Since the CAN SPAM Act went into effect in early 2004, efforts have been made to determine its efficacy in limiting spam.  The CAN SPAM Act is enforced by the Federal Trade Commission, which subsequently produced a report on the success on its Act to Congress in 2005 (Majoras, Leary, Harbour, & Leibowitz, 2005).  Contained in the report was the conclusion that spam has stabilized since the creation of the CAN SPAM Act, whereas before spam displayed a steady increase over time.  The data used were the number of spam emails received per day by the FTC.

Other authorities have similarly analyzed spam volume to determine whether spam rates or content differed after the passing of the Act.  According to MessageLabs, an anti-spam and security company, after one year following the CAN SPAM Act, email that was considered spam went up from 60% of all global email the year before to 80% by the end of the year (Zeller, 2005).  When the FTC measured spam in absolute terms (amount received per day), spam seemed to have slowed.  But when measured in relation to the amount of legitimate email sent, spam seemed to have increased.

It should be mentioned however that neither the Federal Trade Commission nor MessageLabs report the statistical significance of their findings.  Although overwhelming consensus seems to be that spam has not decreased significantly since the creation of the CAN SPAM Act (Lee, 2005; Arora, 2006), such conclusions should be finalized with a little more statistical rigor.

Despite this, the actual volume of spam sent is not the only measure of the success of the CAN SPAM Act.  Questions as to whether compliance with the specific requirements detailed in the act may have increased since the passing of the law have been investigated.  In one such case, 1,100 unsolicited commercial emails were randomly selected from 5 email accounts, once six months after the passing of the CAN SPAM Act and another sampling two years after the act went into effect (Grimes, 2007).  Each email message was rated as either complying with the CAN SPAM Act, or not complying with the act.

Unfortunately, 14.3% of spam complied with legal requirements the first six months following the act, whereas a mere 5.7% of emails complied with it two years later (Grimes, 2007).  However, a sample size of 1,100 might not be large enough for something done on as massive a scale as spam.  Additionally, no baseline of compliance was established in spam messages before the CAN SPAM Act was instated.

Another possible measure that seems lacking in the literature includes the location from which spam is sent.  If spam has not been affected by existing laws, it could be that spammers have moved their operations across borders, outside of the United States, where the CAN SPAM Act has no jurisdiction.

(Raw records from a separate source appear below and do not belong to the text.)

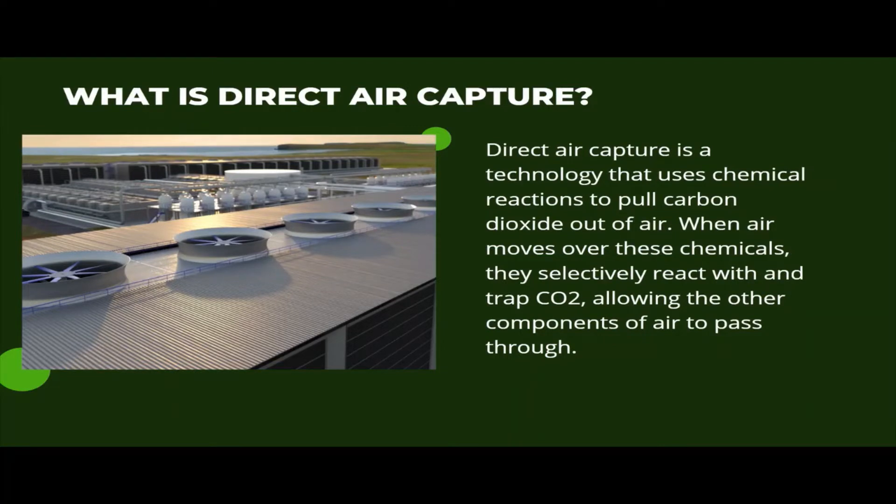Direct air capture is technology that uses chemical reactions to pull carbon dioxide out of air. Once carbon dioxide is captured from the atmosphere, heat is typically applied to release it from the solvent or sorbent, which regenerates the solvent or sorbent for another capture cycle.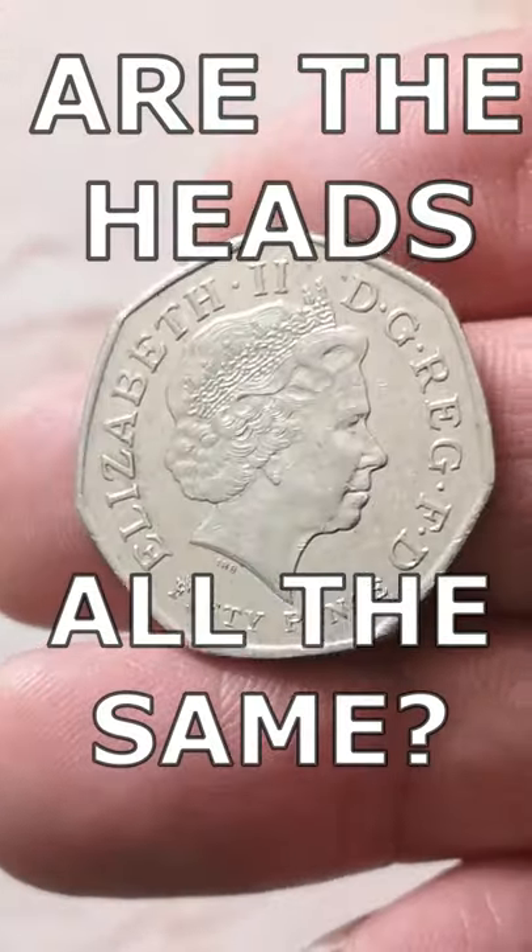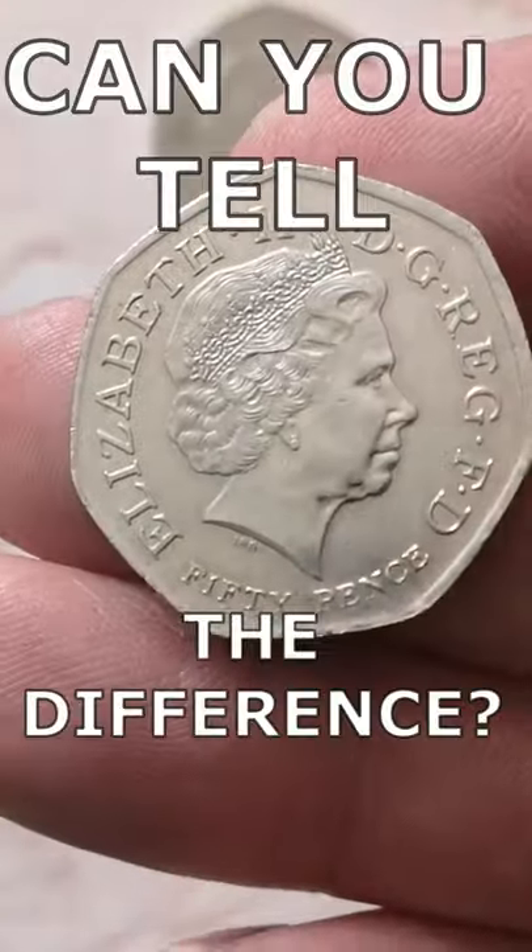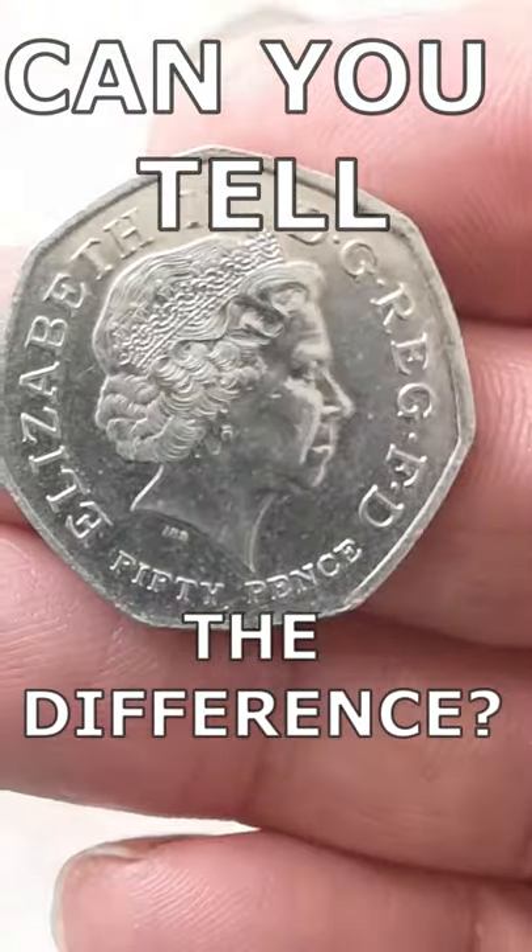Let's have a closer look. This is the first one. Okay, have a close look at that. This is the second one. Looks identical - as far as I can tell, it is identical. And here's the last one.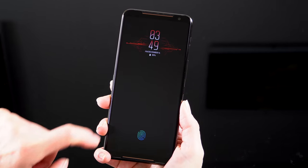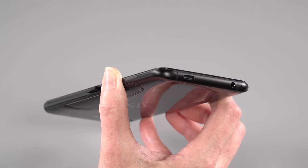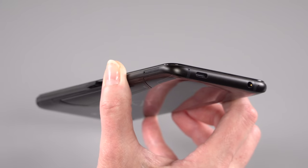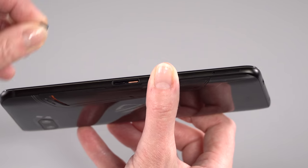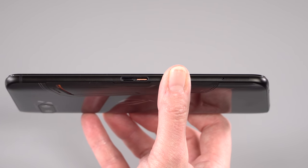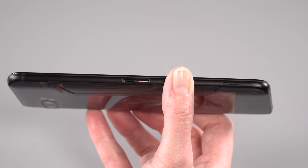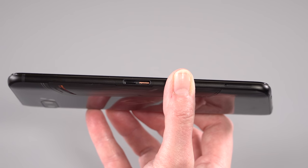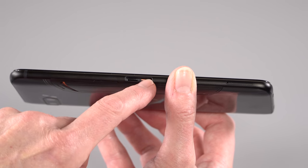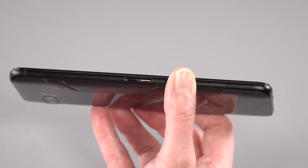The phone has an in-display fingerprint scanner — it's the optical kind and it's pretty fast, works just fine. It has face recognition, but it's not the 3D secure kind, so be careful if you're going to rely on that. The phone has not one but three USB-C ports. The bottom one is the one you'll typically use for charging. Under a rubber plug there are two more — a black one and an orange one. The black one is for ROM flashing and changing the country code. The orange one you should never plug anything into, as you could damage the phone; it's only for their accessories.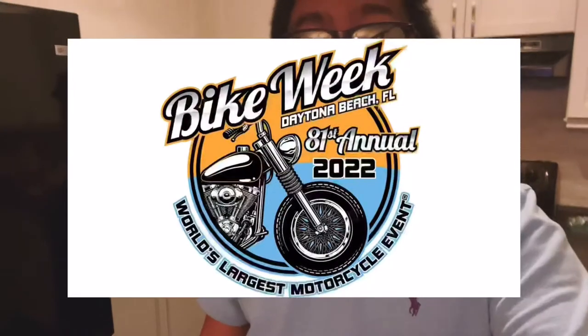Hey everybody, happy Friday. Today is Friday March the 4th, and today is the beginning of one of the largest motorcycle events in the world — it is Daytona Bike Week. Daytona Bike Week is a week dedicated to motorcycles in Daytona Beach. They do the event every year, at least half a million people show up. For Free It Friday I'm going to be showcasing some Hot Wheels cars that are actually not cars — they're motorcycles. So let's check it out.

CAN SPAM may not have decreased spam rates, but rather moved spam sending botnets to where the Act has no reach.

Considering the enormity of the problem spam poses to the 1.6 billion people online (Internet World Stats, 2009), and some of the seeming impunity spammers enjoy since the majority of anti-spam practices have been defensive rather than offensive, existing spam law warrants extensive investigation.  Anti-spam law has been given less emphasis than anti-spam technology, and it should be improved just as much as spam filters and intrusion detection systems.  With the rigor of scientific analysis of existing laws, such as the CAN SPAM Act, we can hope to piece together what laws might work, and which ones could stand to see some improvement.

 

Methods

Sample

The sample for the present study consisted of 2,071,965 email messages sent and received between February, 1998 and December, 2008.  The sample was acquired from Untroubled Software, a software security and optimization website that also provides downloadable spam archives for researchers.  The data were retrieved on January 3, 2009 from http://untroubled.org/spam, and consists of millions of email files.

According to the author of Untroubled Software (http://untroubled.org/spam/), the spam archives were gathered via multiple bait email addresses, which are email accounts created with the sole purpose of baiting spammers to add the baited address to their spam lists.

Since the date each message was received was important for the purposes of this research, some cases had to be eliminated due to false or missing received dates.  There were 4,959 cases that were found to have no date contained in the email headers, and 2 more messages that had clearly incorrect dates (“12/95/2005”).  This was likely due to falsifying headers and general tampering by spammers.  The data were further aggregated by month for the purposes of time series analysis.  Grouping the eleven years (1998-2008) of data by month resulted in a series of 131 months total.

There was an additional dataset acquired for this research from the Federal Trade Commission (FTC).  The FTC had conducted their own analysis on the state of spam, and a subsequent Freedom of Information Act request allowed a portion of the FTC’s data to be used in this study.  The data consisted of a summary of 479,701,868 emails collected by the FTC between the beginning of 2000 and the end of 2007.

 

Procedures

The sample of spam email messages was measured by a program written in PERL (Practical Extraction and Report Language).  The script written for this research subsequently scanned all email messages until all messages were parsed in chronological order one by one.  While scanning each message, the script recorded eight variables for that given message in a comma separated values file as a single row.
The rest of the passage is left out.